**SOURCE DATA:**
▬▬▬▬▬▬

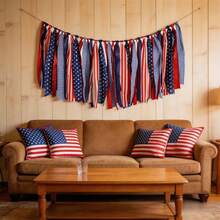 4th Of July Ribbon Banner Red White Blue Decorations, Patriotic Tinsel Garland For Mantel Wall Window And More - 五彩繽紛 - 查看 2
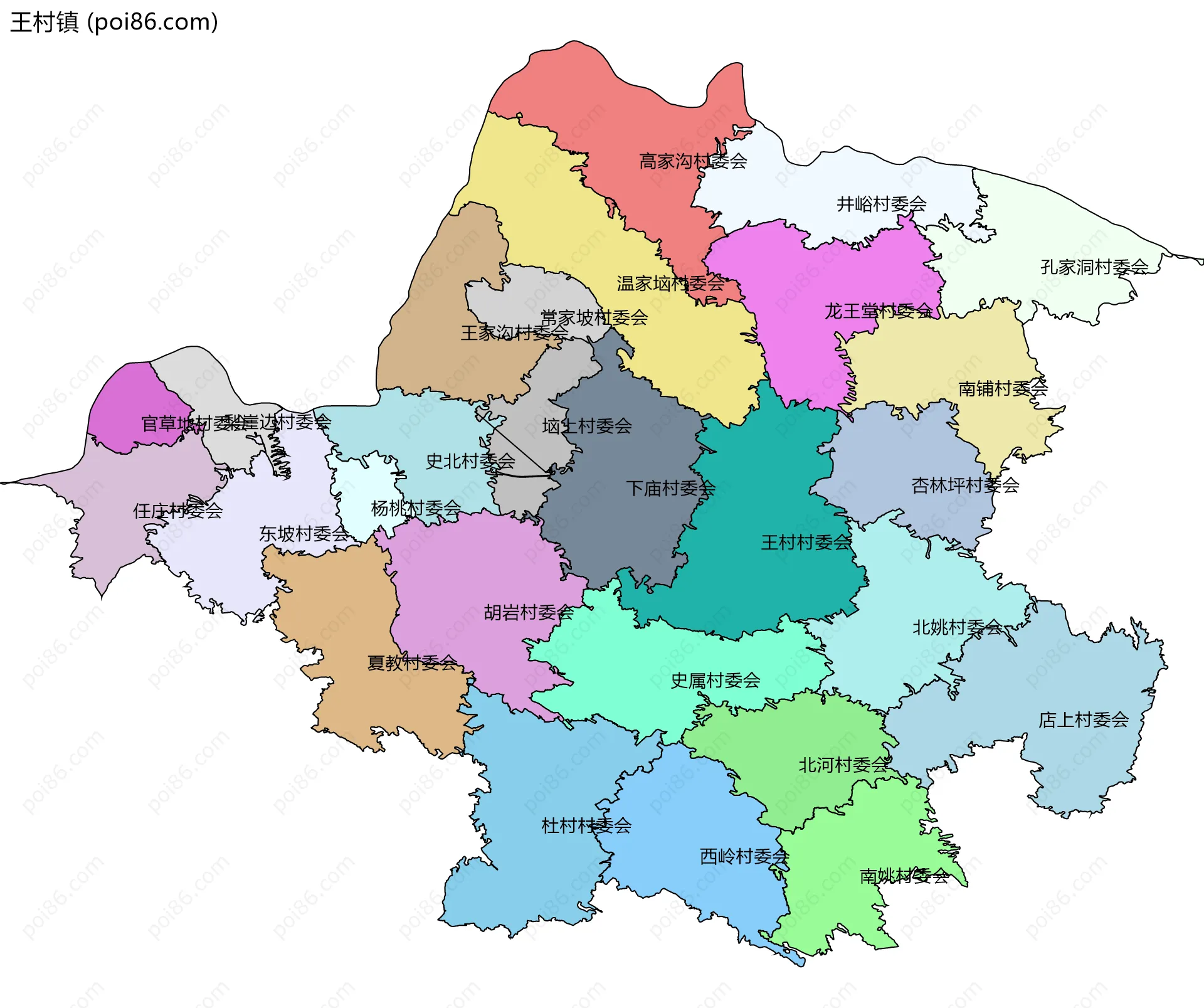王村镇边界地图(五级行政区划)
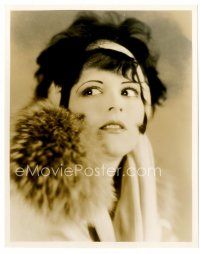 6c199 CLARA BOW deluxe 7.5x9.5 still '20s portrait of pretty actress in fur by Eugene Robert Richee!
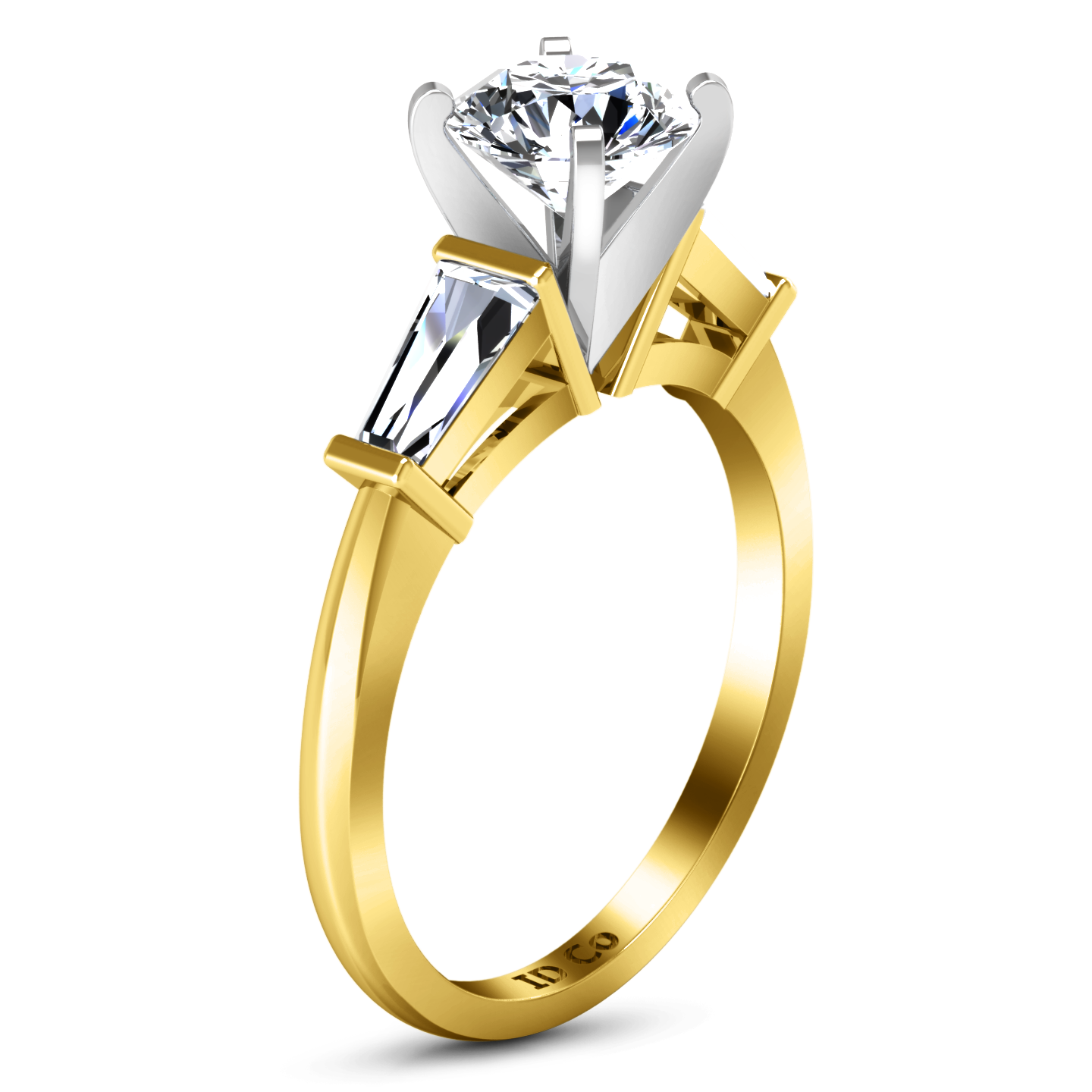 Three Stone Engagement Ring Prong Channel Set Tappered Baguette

▬▬▬▬▬▬

**YOUR INSTRUCTIONS:**
With pictures excluded, copy exactly the lines from the line containing "王村镇边界地图(五级行政区划)" through the last line of the listing above, both ends included.

**EXERCISE SOLUTION:**
王村镇边界地图(五级行政区划)
 6c199 CLARA BOW deluxe 7.5x9.5 still '20s portrait of pretty actress in fur by Eugene Robert Richee!
 Three Stone Engagement Ring Prong Channel Set Tappered Baguette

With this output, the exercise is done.